Nous sommes du village Dere du district de Sivas İmranlı. Ils ont écrit une lettre disant : « Tu as tellement manqué à ta mère, elle viendra te rendre visite ». Nous n’acceptions pas certaines pratiques imposées par l’administration pénitentiaire. C’est pourquoi ils nous ont traités plus durement. Parler kurde était déjà interdit. Ils ont accroché les affiches qu’ils avaient préparées à ce sujet dans les parloirs et les couloirs des visiteurs. Il était également interdit de parler à voix basse, de faire des signes et de parler une autre langue que le turc. Quand j’ai appris que ma mère venait, je suis devenu un peu nerveux. Je savais que ma mère ne parlait pas turc. Elle n’avait jamais quitté le village jusqu’alors. Il était évident qu’il y aurait des problèmes si nous parlions kurde. Je ne pouvais pas garder le silence si les gardiens disaient ou faisaient quoi que ce soit. (…) Je ne voulais pas que ma mère soit témoin de ça. Nous pourrions tous les deux subir la violence. Je partageais la même cellule avec Ruşen Sümbüllüoğlu, qui était condamné dans l’affaire de Dev-Yol. Je lui ai expliqué la situation. Ma mère venait avec ma sœur. Ma sœur parlait turc. Je l’ai dit à Rusen. (…) Quand je lui en ai parlé, il a pris des notes ou quelque chose comme ça. J’ai dit que je ne garderais le silence en aucune circonstance et que si tel était le cas, je ne retournerais peut-être pas dans la cellule.

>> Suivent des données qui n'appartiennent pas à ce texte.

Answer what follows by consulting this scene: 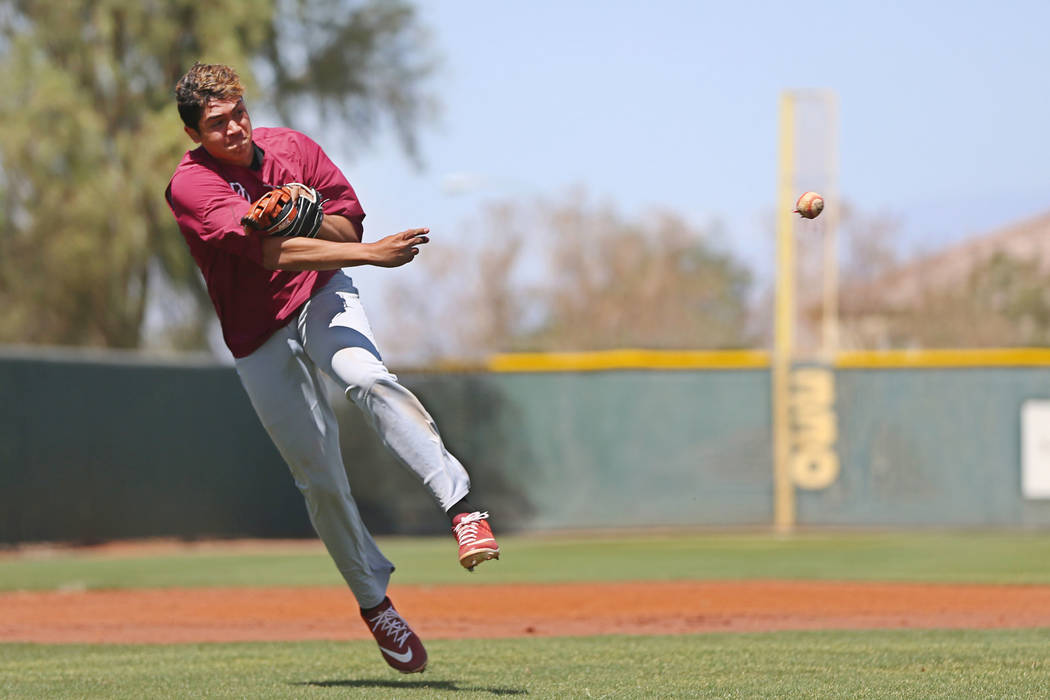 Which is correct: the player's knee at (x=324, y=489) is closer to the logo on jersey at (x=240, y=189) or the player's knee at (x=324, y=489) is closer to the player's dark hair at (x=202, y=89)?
the logo on jersey at (x=240, y=189)

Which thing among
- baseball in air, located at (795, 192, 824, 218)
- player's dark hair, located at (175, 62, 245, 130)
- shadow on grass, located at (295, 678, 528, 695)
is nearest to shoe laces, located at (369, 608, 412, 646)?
shadow on grass, located at (295, 678, 528, 695)

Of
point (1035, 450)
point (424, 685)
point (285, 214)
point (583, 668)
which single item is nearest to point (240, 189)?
point (285, 214)

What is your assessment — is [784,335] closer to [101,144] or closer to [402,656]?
[101,144]

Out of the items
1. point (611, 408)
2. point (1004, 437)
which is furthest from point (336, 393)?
point (1004, 437)

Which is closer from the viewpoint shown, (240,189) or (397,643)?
(240,189)

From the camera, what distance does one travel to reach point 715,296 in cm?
4869

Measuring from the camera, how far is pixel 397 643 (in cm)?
519

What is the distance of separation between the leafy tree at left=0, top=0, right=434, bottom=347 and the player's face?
15.8 meters

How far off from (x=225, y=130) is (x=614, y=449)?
14.2 m

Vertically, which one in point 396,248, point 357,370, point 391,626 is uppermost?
point 396,248

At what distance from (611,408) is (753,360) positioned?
1852 millimetres

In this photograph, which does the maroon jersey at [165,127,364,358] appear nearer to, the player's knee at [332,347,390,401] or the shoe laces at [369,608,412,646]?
the player's knee at [332,347,390,401]

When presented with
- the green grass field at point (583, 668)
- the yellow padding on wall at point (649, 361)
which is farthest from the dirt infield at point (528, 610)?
the yellow padding on wall at point (649, 361)

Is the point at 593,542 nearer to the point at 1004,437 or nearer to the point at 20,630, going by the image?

Parce qu’ils pourraient me conduire directement à la salle de torture.
Après cela, je suis allé au parloir. J’ai parlé avec ma sœur. Tout d’un coup, ma mère a bougé, et prenant ma sœur par le bras et la tirant un peu en arrière, elle s’est approchée de moi et m’a dit : « Comment vas-tu, Camber Ateş ? » J’ai été surpris mais je me suis vite repris. J’ai répondu: « Je vais bien maman, comment vas-tu ? » Cependant, elle ne répondit pas. Elle a de nouveau parlé à ma sœur. Ma mère a refait la même chose et m’a encore demandé : « Kamber Ateş, comment vas-tu ? » Cette scène s’est répétée trois fois. J’ai répondu la même chose à chaque fois. Au début, je pensais que ma mère avait appris un peu le turc. Mais quand elle l’a répété plusieurs fois [la même phrase], j’ai compris la situation. On lui a juste fait mémoriser le mot [nasilsin]. Si elle avait parlé en kurde, elle et moi aurions été soumis à la violence. C’est pourquoi elle l’a appris par coeur. En fait, le seul mot qu’elle a mémorisé est « comment vas-tu », puisqu’elle savait déjà mon nom et mon prénom.

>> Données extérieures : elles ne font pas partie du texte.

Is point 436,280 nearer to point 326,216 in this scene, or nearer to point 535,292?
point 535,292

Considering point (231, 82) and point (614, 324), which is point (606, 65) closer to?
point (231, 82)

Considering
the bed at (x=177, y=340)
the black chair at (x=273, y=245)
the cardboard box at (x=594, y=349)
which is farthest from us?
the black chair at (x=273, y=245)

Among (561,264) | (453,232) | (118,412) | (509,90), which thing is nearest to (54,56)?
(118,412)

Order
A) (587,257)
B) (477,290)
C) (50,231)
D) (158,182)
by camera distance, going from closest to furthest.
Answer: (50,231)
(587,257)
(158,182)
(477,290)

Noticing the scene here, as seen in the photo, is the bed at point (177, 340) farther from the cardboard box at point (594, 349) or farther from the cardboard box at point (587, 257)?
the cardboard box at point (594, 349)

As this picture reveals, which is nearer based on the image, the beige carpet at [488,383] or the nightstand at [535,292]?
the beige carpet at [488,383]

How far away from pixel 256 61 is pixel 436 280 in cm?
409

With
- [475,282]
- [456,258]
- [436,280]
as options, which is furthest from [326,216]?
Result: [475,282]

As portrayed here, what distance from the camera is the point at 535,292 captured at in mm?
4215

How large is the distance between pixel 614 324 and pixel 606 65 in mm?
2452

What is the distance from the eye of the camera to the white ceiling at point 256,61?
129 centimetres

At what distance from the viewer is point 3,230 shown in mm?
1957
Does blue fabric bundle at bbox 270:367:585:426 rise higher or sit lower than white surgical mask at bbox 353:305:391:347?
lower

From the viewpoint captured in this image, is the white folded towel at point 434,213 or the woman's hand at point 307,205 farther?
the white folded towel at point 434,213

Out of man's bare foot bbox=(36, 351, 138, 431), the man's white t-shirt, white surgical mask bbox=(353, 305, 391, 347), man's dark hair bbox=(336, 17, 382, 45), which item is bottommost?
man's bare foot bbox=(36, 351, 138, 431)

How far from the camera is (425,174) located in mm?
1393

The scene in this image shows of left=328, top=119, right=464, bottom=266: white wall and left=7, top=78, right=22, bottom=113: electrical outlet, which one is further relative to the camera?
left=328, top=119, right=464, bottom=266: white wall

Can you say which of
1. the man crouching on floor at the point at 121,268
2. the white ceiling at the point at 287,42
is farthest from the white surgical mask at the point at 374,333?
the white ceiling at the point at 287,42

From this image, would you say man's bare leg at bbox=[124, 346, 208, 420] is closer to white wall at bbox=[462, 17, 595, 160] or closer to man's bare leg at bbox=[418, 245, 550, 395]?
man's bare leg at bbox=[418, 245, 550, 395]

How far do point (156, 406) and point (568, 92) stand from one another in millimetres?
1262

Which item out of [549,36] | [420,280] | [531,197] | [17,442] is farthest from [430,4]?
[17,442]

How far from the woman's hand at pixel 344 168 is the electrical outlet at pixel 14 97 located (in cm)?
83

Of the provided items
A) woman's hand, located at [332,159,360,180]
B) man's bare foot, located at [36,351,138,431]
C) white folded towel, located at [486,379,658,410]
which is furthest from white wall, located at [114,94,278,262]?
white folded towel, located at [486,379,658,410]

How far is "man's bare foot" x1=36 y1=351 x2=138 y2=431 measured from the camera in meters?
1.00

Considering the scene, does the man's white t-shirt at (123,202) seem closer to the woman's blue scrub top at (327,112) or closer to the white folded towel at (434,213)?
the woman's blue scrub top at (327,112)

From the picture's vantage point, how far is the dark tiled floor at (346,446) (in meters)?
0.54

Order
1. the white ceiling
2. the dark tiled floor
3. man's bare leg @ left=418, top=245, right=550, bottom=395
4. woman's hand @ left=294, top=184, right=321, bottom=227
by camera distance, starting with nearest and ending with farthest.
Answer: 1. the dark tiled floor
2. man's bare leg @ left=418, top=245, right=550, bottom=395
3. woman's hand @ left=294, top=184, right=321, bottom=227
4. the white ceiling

Lorsque la visite s’est terminée ainsi, je suis venu joyeusement dans la cellule. J’ai dit à Rusen. Puis je suis parti, ils m’ont envoyé à Çanakkale et Ruşen à Antep.

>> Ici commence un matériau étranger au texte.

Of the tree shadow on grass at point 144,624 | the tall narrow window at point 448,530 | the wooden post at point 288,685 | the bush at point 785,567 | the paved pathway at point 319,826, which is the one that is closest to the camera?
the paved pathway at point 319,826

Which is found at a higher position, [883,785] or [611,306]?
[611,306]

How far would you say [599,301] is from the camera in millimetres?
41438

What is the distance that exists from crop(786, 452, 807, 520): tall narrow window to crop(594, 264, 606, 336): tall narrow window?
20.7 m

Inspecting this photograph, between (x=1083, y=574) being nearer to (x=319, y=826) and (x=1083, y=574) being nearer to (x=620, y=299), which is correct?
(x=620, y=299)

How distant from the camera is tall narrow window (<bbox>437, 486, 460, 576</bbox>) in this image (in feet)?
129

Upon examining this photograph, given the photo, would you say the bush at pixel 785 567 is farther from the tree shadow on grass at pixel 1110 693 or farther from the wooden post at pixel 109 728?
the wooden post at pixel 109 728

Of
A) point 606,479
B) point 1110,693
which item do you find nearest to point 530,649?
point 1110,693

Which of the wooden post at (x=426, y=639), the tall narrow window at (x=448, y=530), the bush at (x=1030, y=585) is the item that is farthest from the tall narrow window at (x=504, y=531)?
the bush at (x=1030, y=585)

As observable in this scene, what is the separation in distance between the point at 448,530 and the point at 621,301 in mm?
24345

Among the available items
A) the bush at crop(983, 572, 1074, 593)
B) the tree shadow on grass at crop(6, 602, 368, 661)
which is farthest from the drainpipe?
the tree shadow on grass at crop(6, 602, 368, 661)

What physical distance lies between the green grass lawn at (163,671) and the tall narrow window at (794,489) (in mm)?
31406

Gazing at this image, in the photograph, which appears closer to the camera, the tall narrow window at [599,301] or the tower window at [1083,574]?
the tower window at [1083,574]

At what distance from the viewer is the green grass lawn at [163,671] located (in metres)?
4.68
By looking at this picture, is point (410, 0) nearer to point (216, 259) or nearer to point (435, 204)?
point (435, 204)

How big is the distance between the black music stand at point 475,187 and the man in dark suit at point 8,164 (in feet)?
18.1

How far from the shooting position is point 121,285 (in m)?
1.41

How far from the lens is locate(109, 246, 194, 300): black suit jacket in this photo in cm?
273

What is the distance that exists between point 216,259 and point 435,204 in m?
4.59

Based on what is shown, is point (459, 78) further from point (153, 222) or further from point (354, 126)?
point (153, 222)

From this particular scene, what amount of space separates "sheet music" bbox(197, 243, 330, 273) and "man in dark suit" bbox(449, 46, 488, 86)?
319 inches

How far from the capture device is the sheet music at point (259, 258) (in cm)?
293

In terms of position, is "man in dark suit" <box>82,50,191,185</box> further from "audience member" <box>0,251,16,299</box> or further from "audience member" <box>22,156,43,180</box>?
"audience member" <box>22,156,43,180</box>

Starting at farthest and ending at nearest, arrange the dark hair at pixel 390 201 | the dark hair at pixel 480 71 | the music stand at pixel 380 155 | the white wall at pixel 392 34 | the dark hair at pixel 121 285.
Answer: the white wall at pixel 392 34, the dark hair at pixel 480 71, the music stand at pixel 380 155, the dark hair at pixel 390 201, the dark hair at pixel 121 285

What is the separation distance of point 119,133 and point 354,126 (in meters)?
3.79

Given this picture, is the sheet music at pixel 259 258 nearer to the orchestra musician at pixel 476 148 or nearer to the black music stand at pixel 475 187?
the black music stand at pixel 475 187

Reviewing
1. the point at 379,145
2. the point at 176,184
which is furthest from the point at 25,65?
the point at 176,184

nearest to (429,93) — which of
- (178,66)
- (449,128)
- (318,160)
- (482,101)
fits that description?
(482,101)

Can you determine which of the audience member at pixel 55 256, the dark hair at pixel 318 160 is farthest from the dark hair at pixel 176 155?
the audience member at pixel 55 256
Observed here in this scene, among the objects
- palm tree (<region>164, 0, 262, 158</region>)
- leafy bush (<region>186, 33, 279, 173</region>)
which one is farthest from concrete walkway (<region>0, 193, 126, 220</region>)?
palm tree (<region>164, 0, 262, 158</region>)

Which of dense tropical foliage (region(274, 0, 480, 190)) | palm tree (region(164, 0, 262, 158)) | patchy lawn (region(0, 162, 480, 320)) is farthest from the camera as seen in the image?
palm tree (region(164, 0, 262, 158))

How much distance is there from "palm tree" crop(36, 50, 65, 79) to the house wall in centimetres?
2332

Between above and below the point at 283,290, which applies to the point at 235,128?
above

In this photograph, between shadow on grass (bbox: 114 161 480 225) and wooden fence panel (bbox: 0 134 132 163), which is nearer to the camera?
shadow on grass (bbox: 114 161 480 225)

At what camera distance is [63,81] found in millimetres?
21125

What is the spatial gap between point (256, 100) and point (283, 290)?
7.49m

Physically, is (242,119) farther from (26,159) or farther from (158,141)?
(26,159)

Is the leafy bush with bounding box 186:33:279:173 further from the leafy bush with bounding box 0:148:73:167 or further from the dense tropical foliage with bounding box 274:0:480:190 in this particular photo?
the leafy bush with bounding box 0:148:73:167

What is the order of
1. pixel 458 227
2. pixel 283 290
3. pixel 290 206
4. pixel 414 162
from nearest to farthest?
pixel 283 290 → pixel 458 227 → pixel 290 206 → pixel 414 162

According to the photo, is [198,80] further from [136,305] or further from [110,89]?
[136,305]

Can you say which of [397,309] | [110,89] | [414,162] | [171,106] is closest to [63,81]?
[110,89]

Puis un jour j’ai vu une nouvelle dans le journal Cumhuriyet, disant: « voici « Kamber Ateş Comment vas-tu ? » La nouvelle intitulée « Histoires de prison » a remporté le concours et le livre à publier portera son nom. » J’étais déjà en contacte avec Ruşen et il m’en avait parlé. (…) Ruşen a écrit une histoire basée sur mes récits et l’a envoyée au concours. » (Via Birgün)
Kamber Ateş Nasılsın? est également le titre d’un poème écrit par la poétesse Gülsüm Cengiz-Akyüz et qui a reçu plusieurs prix littéraires, dont celui du Pen International. Le poème a été traduit en anglais avec le titre « Kamber Ateş how are you? »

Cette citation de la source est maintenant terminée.